Clean growth
Article

Clean growth

Growth is the magic word in economics. Growth provides for stability, a strong position against competition, coverage of the ever-exploding costs of wages, buildings and investments. Growth is one of the major demands for keeping shareholders satisfied. Growth puts into motion the flywheel of more growth, and every entrepreneur from small to the biggest in the world wants that flywheel to spin.

 

But growth has it drawbacks. In Western Europe this summer we had an extremely warm July and a very wet August. Autumn started out with a warm September and we’re heading for a record-breaking three-month period: the warmest autumn in three hundred years. Australia is suffering the worst drought ‘in a thousand years’ and suicide amongst desperate farmers there is reaching epidemic proportions. Rivers in parts of China have also dried out. The polar ice keeps creeping back. And predictions for the already heavily stricken African continent do not offer much hope for the future. Facts and fearsome forecasts about climate change are on the news every day.

 

Largely contributing to these changes has been the unbridled economic growth of the last fifty, to a hundred years. I think it’s fair to say, though, that the geomatics business has a totally different role in this global game of economics. We are often to be found on the green side.
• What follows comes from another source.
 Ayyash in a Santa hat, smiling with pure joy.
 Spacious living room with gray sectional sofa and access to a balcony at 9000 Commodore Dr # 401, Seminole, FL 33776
The standard geomatics office is clean, pleasant and often surprisingly small, with pride of place given to server rooms full of environmentally conscious people working on GIS or providing data to monitor and provide protection from all the aforementioned hazards. That’s quite a congenial picture. Not least because it flies in the face of the economic principle of a flywheel that spins only when there’s growth to spin it. The same goes for companies in the geomatics business as for the most polluting concerns in the world: growth is necessary to guarantee their stable future.

 

Uncertain times lie ahead for us all, stretching into coming decades. And whilst prophets like Al Gore may tour the world raising awareness of the dangers, the negative sides of economic growth will not be turned around so easily. It will take years, even given the best intentions. This means that opportunities for the geo-business will keep on growing over coming years. For the next, 2007, my wish would be that you too use your economic growth for the best, to help decrease the drawbacks caused by others’.

 

Happy, healthy, clean and booming 2007!